Monday, September 28, 2020

BAM and BCP consolidate dominance in the north

The political amalgamation between the Botswana Congress Party (BCP) and the Botswana Alliance Movement (BAM) will on Saturday reach the highest perch as the two parties officially seal the pact of cooperation agreement in Maun despite much outrage and criticisms from other opposition parties over the weakness of the model.

A press statement said the launch targeted Maun not only because of its centrality and proximity to most constituencies, in which both BCP and BAM have significant following, but also because the pact strongly believes that it is going to win quite a number of constituencies in the North West from the BDP in the 2009 elections.
The BCP and BAM believe the main opposition party (BNF) is not a thorn in the north because the party has an insignificant following and, as a result, would do less harm in the split of votes.

“The pact believes that the BNF is not a significant player in the north.
It is, therefore, befitting to launch the pact in an area where both parties are well received,” reads the statement.
The constituencies the pact targets are Okavango, Ngami, Maun East and West, Chobe, Nkange, Nata Gweta, Francistown South, East and West, Tati East and West.

In the 2004 general elections, the BNF performed badly in these areas with unconvincing numbers of votes whilst the combined force of the BCP and BAM surpassed the BDP.

For example, in the last general elections in Nkange, the BDP polled 5291.

In turn the BCP got 2361 while BAM went away with 3922 votes.
BDP won the race because of split of votes.

It is certainly because of this situation that the pact believes it can takeover the targeted constituencies.
But the BCP and BAM association has never escaped outrages and criticisms from other opposition parties, especially from the BNF, which criticized the pact model for prolonging BDP stay in power.

At a recent political meeting in Gaborone, the BNF publicity secretary, Mahomed Khan, said his party was against the model as it splits the number of seats according to the parties to the advantage of the BDP.

“The BNF is against the pact model as it serves to prolong BDP stay in power. The party attempted the model in 2004 in association with BAM and BPP but we lost dismally,” Khan charged.

Khan attributed the loss to the pact. His party, he said, lobbied for an alliance model where opposition parties would subscribe to the main opposition party using its disc while at the same time without losing their original identity.

Interestingly, minor opposition parties would not accept the move which they said was designed to swallow them and criticized the BNF for masquerading as big brother.
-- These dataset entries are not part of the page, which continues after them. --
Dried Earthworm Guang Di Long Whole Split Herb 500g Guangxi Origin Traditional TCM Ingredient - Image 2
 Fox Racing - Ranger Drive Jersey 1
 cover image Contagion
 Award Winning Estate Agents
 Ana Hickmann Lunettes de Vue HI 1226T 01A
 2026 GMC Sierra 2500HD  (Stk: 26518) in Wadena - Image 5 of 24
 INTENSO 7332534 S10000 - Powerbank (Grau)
Thus the cooperation collapsed with the parties taking their own routes.
Determined to safeguard their discourse over the pact and elude being swallowed, the BCP and BAM remained and nurtured the pact.

The statement reveals that the launch will take place in time to focus on the parties’ respective primary elections, which will take place before the end of the year and early next year.

The parties also lament that, after such a long and arduous journey, through difficult but important negotiations, spanning a period of close to two years, out of the initial four parties (BCP, BAM, BNF and BPP) only two parties remain (BCP and BAM) to witness the historic launch.

Besides the BNF, they are some dissenting voices that doubt the pact’s ability to takeover in the north, especially since the pact decisions are based on the outcome of the last general elections.

They argue politics is dynamic and, as such, could not be influenced by the 2004 general elections. So many developments have transpired after the elections, they argue.

They cite the recent BNF operation Tsosoloso as one of the developments that could work against the pact.
“The pact should know the recent BNF operation Tsosoloso was meant to resuscitate and lure voters across the country, including the areas the pact believes are their targets into their fold,” they argued.

They predict a BDP landslide victory because of split of votes, blaming opposition parties’ failure to come up with the best suitable model.

“Opposition parties should have seized the opportunity to work together and wrestle power from the BDP, which, lately, introduced unpopular policies,” they contended.